En soi, ces limogeages massifs (dont le commandant de la deuxième armée) posent la question naturelle de la responsabilité du ministre de la défense. A moins que ces limogeages n'aient justement eu pour objectif de faire sauter les fusibles pour protéger le ministre de la Défense et le Premier ministre de la colère populaire: "voyez, cher populasse, nous condamnons les coupables".
Mais en fait, cette petite intervention du Procureur général de la République en Conseil des ministres est une infraction gravissime à l'ordre constitutionnel !
Le Procureur général de la République est un officiel indépendant non affilié au gouvernement et au Premier ministre. Il est élu par l'Assemblée nationale et géré ses enquêtes indépendamment du gouvernement qu'il n'a pas le droit d'informer sur les enquêtes en cours.
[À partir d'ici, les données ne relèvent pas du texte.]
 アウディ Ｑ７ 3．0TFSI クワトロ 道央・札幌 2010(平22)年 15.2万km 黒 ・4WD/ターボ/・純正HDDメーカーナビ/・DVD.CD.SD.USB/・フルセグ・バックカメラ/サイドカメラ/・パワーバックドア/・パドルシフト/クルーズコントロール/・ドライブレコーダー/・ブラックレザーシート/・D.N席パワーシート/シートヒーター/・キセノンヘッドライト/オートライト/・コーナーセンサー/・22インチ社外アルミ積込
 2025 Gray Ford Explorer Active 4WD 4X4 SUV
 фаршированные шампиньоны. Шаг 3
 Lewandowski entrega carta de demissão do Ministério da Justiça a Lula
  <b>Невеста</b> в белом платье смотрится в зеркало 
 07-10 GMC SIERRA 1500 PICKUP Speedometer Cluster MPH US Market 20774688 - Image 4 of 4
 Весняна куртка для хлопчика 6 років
Imaginons demain, voire même aujourd'hui que cette enquête ou une autre implique le Premier ministre ou le ministre de la justice. Comment peut-on imaginer le Procureur de la République informer les accusés de l'avancée de son enquête ?
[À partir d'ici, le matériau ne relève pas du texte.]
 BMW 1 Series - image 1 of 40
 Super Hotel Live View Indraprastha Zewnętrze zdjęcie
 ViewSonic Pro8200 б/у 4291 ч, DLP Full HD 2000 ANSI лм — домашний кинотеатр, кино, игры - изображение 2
La pression populaire contre la version officielle est telle que cet état de fait qui gangrène le pouvoir en Arménie depuis 30 ans est apparu au grand jour.
De manière moins évidente mais tout aussi effective, la justice aussi fonctionne sur commande et permet au pouvoir politique de contrôler les contre-pouvoirs.
La police de manière plus directe encore réalise des commandes politiques. Et cela est valable dans tous les domaines, y compris les sociétés privées qui ont une mission de service publique. Les capitaux sont privés mais leurs actions sont politisées dès que nécessaire.
Tout ceci expliquant cela, on comprend mieux comment des enquêtes n'aboutissent tout simplement jamais ou ne permettent tout au moins à condamner les vrais coupables.
Cette intervention innocente permet de jeter tout naturellement le doute sur tout le système politique et administratif.
Il n'y a pas d'élections libres en Arménie car le parti élu vampirise tous les leviers. En cela la révolution de Pashinyan n'a en rien modifié les us et coutumes de l'Arménie.
En 2018, il n'y a pas eu de révolution. J'ai été l'un des rares à le dénoncer dès le premier jour. Nous avons été les témoins et acteurs d'un changement autoritaire du pouvoir d'un totalitarisme vers une autre forme de totalitarisme qui, dans la forme n'a modifié en rien les fondamentaux des rouages politiques.
On est juste passé d'un pouvoir nationaliste à un pouvoir totalement inféodé à l'ennemi turc.